Y después, Hawkmoon agachaba la cabeza y lloraba y se preguntaba por qué intuía, a pesar de la verdad evidente, que algún día recobraría a su amor perdido.

¿Por qué se preguntaba si existía un lugar (tal vez en otra Tierra) donde los muertos continuaban con vida? ¿Demostraba tamaña obsesión que aún quedaban restos de locura en su mente?

Entonces, suspiraba y componía su expresión para que nadie que le viera supiera el dolor que le afligía. Subía a su caballo y, mientras anochecía, cabalgaba de vuelta hacia el castillo de Brass, donde su viejo amigo le esperaba.

Donde el conde Brass le esperaba.

Así concluye la primera Crónica del castillo de Brass.

El campeón de Garathorm
Libro primero.
Despedidas
1. Teorías y posibilidades

Dorian Hawkmoon ya no estaba loco, pero tampoco había recobrado la salud.

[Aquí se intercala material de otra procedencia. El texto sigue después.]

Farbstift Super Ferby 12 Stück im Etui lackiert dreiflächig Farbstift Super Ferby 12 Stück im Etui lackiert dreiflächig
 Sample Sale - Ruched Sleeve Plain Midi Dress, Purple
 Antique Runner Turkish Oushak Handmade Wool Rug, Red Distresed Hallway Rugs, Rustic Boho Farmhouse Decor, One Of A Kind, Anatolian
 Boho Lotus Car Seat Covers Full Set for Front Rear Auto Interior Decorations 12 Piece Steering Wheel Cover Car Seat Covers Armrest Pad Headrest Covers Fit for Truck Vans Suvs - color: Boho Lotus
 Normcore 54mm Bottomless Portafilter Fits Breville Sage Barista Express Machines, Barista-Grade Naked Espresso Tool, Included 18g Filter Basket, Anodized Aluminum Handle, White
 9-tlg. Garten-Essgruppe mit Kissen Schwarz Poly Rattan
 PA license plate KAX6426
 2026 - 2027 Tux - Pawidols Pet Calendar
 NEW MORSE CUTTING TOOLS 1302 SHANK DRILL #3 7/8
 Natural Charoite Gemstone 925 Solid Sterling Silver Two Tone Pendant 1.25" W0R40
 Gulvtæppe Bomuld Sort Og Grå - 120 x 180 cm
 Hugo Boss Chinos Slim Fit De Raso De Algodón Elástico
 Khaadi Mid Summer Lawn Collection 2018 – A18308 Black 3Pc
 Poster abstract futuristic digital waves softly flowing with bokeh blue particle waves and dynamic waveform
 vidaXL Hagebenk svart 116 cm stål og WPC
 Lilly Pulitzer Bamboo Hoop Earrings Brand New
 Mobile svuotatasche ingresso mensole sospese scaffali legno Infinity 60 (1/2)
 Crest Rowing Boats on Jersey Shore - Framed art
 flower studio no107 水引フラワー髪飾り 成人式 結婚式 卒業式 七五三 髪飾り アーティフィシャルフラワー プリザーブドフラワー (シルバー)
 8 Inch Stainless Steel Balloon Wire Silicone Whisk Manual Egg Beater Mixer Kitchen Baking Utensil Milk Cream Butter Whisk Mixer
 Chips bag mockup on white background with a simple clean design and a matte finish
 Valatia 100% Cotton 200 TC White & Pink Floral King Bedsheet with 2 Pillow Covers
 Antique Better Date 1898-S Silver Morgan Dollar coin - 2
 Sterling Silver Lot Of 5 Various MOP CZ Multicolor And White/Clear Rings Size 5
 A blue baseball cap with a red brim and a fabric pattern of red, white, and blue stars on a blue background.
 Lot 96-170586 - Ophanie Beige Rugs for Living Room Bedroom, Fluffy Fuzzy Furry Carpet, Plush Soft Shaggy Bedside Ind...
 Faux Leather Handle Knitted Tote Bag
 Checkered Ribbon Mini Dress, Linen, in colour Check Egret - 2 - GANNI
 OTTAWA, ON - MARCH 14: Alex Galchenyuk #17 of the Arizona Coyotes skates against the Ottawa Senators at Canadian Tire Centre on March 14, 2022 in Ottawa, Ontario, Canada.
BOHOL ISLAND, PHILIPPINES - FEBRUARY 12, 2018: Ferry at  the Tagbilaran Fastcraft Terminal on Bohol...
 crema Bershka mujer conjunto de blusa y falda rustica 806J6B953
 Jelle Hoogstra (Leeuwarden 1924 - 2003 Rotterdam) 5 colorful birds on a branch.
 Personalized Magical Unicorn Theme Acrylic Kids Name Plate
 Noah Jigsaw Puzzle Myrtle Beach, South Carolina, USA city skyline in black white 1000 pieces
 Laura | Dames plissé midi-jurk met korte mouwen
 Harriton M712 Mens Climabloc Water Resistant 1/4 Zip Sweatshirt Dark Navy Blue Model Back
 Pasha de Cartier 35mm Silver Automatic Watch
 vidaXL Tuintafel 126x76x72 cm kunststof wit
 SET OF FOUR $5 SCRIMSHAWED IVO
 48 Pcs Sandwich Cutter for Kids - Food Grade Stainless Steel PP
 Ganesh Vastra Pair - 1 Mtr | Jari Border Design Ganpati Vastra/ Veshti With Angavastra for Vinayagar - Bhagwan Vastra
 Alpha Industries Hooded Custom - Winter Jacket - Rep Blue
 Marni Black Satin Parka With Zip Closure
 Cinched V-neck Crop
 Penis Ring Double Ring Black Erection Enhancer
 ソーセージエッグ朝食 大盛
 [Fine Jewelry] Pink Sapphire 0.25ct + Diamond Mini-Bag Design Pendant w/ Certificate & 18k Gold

Algunos decían que su cordura se había resquebrajado cuando le quitaron la Joya Negra de la frente. Otros afirmaban que la guerra contra el Imperio Oscuro le había despojado de las energías necesarias para toda una vida, y que ya no le quedaba ninguna. También había quienes se decantaban por creer que Hawkmoon sufría por la ausencia de Yisselda, hija del conde Brass, que había muerto en la batalla de Londra. Durante los cinco años que duró su locura, Hawkmoon insistió en que continuaba con vida, que vivía con él en el castillo de Brass y le había dado un hijo y una hija.

Pero si las causas eran tema de controversia en las posadas y tabernas de Aigues-Mortes, la ciudad protegida bajo la sombra del castillo de Brass, todo el mundo coincidía en los efectos.

Hawkmoon meditaba.

Hawkmoon rechazaba la compañía humana, incluso la de su viejo amigo el conde Brass. Hawkmoon se sentaba a solas en una pequeña estancia situada en lo alto de la torre más elevada del castillo, apoyaba la barbilla en la mano y contemplaba los pantanos, cañaverales y lagunas, pero no clavaba los ojos en los toros blancos salvajes, los caballos con cuernos o los gigantescos flamencos escarlatas de la Kamarg, sino en la distancia.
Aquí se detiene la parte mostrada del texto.